- **Data extract**:
BEGIN

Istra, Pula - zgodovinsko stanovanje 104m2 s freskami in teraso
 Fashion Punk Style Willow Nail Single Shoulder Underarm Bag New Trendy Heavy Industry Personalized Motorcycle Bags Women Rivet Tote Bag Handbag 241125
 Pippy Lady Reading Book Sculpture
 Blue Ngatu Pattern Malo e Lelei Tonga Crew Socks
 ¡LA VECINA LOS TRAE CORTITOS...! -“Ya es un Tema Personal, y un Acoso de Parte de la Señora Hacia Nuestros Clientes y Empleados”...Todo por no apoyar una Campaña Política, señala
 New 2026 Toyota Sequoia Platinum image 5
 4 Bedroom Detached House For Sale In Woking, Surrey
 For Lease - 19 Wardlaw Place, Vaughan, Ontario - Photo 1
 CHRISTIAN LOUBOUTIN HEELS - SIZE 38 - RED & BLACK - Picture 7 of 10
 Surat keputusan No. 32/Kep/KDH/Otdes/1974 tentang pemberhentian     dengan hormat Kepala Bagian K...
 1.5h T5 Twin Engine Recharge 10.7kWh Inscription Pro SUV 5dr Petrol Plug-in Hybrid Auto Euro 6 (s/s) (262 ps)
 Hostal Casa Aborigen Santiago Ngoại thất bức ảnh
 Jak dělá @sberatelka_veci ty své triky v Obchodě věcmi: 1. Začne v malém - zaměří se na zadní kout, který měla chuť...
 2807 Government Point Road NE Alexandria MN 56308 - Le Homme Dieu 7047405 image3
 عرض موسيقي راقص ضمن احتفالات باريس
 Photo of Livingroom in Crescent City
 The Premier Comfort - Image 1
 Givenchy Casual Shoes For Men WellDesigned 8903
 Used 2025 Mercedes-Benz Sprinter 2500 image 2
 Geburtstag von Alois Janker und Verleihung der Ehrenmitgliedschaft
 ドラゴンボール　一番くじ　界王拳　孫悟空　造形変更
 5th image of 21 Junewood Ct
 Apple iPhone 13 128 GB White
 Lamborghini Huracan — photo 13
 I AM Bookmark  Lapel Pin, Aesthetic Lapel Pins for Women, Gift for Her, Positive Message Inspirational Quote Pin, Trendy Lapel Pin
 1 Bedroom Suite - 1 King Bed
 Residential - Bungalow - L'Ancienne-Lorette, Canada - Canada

END

- **To do**: Restate, without alteration, the lines of the material above that begin at the one containing "Surat keputusan No." and run through its last line.

- **Solution to the exercise**:
 Surat keputusan No. 32/Kep/KDH/Otdes/1974 tentang pemberhentian     dengan hormat Kepala Bagian K...
 1.5h T5 Twin Engine Recharge 10.7kWh Inscription Pro SUV 5dr Petrol Plug-in Hybrid Auto Euro 6 (s/s) (262 ps)
 Hostal Casa Aborigen Santiago Ngoại thất bức ảnh
 Jak dělá @sberatelka_veci ty své triky v Obchodě věcmi: 1. Začne v malém - zaměří se na zadní kout, který měla chuť...
 2807 Government Point Road NE Alexandria MN 56308 - Le Homme Dieu 7047405 image3
 عرض موسيقي راقص ضمن احتفالات باريس
 Photo of Livingroom in Crescent City
 The Premier Comfort - Image 1
 Givenchy Casual Shoes For Men WellDesigned 8903
 Used 2025 Mercedes-Benz Sprinter 2500 image 2
 Geburtstag von Alois Janker und Verleihung der Ehrenmitgliedschaft
 ドラゴンボール　一番くじ　界王拳　孫悟空　造形変更
 5th image of 21 Junewood Ct
 Apple iPhone 13 128 GB White
 Lamborghini Huracan — photo 13
 I AM Bookmark  Lapel Pin, Aesthetic Lapel Pins for Women, Gift for Her, Positive Message Inspirational Quote Pin, Trendy Lapel Pin
 1 Bedroom Suite - 1 King Bed
 Residential - Bungalow - L'Ancienne-Lorette, Canada - Canada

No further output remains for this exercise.